7+ Things You Can Do for Momma Earth
THIS IS the day each year when we celebrate the earth. Yep, unless you’ve been on an LSD trip or on planet Mars, you know that today is Earth Day. In fact, the 40th Earth Day.
Because I’m so stellar in math, I can tell you that the first Earth Day celebrated was in 1970, just a year or two after the most reproduced picture ever taken was published — that of our transcendent, beautiful blue globe from space.
Rather than reproduce the content in them here, I’d like to direct you to two articles that resonated with me on this particular day.
One is “7 things you can do on Earth Day that actually matters.” Some of these things, like “don’t have a child” can really make you bristle, hurl some invective and go on your merry reproductive way.
Instead of doing that, focus on whichever ones of these seven you could do.
Perhaps you could stop using or reduce your use of plastic.

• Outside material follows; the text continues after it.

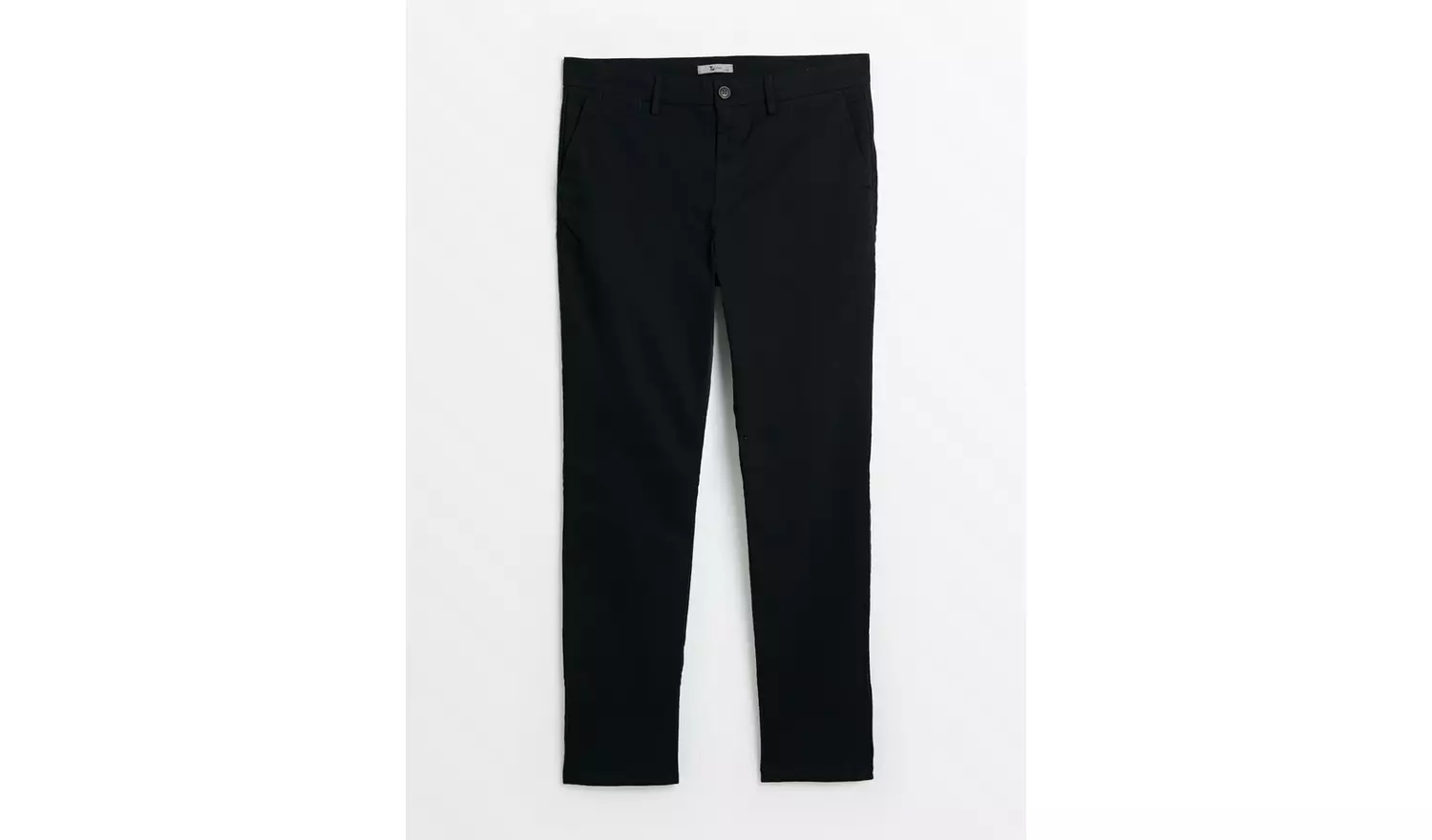 Black Slim Leg Chino With Stretch 30L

Americans dispose of 10.5 million tons of plastic garbage every year. A single plastic bottle can spend anywhere from 100 to 1000 years in a landfill. I wrote about the havoc of water plastic battles here.
Or, if plastic is so near and dear to you that you can’t give it up, why not endeavor to do something else earth-friendly, like buy locally grown food? Food sold in American supermarkets has to travel an average of 1,500 miles to get from the farm to your plate. Buying locally not only supports your local economy, but cuts out the massive amounts of energy used to store and transport the products across the world.
If the environmental appeal isn’t appealing, consider doing it for your very self. When it comes to fruits and vegetables, locally grown is usually fresher and more nutritious.
Which brings me to a third consideration in the list of seven — go vegetarian.
Meat production is responsible for around 18% of global CO2 emissions. 5,214 gallons of water are required to produce a single pound of beef, and the EPA estimates that more than 27,000 miles of US rivers have been polluted by livestock waste.
All in the service of our taste buds.
Well, that leaves four more things you can do to improve our earth, which I encourage you to explore right here.
And, if you need an inspirational, personal story, consider reading the other article that I mentioned above that resonated with me today. It’s about Bea Johnson, of Mill Valley, California, who lives a nearly zero-waste lifestyle.
You can read about this mother of two youngsters and how they (including her husband) produce just a handful of waste in four months!
She also has a blog: The Zero Waste Home.
Much of the stuff you’ll encounter at the above links I’ve been doing for many years, but there’s more tweaking to do. It’s a step by step process. And today is a good day to start!
“A journey of a 1,000 miles begins with the first step”.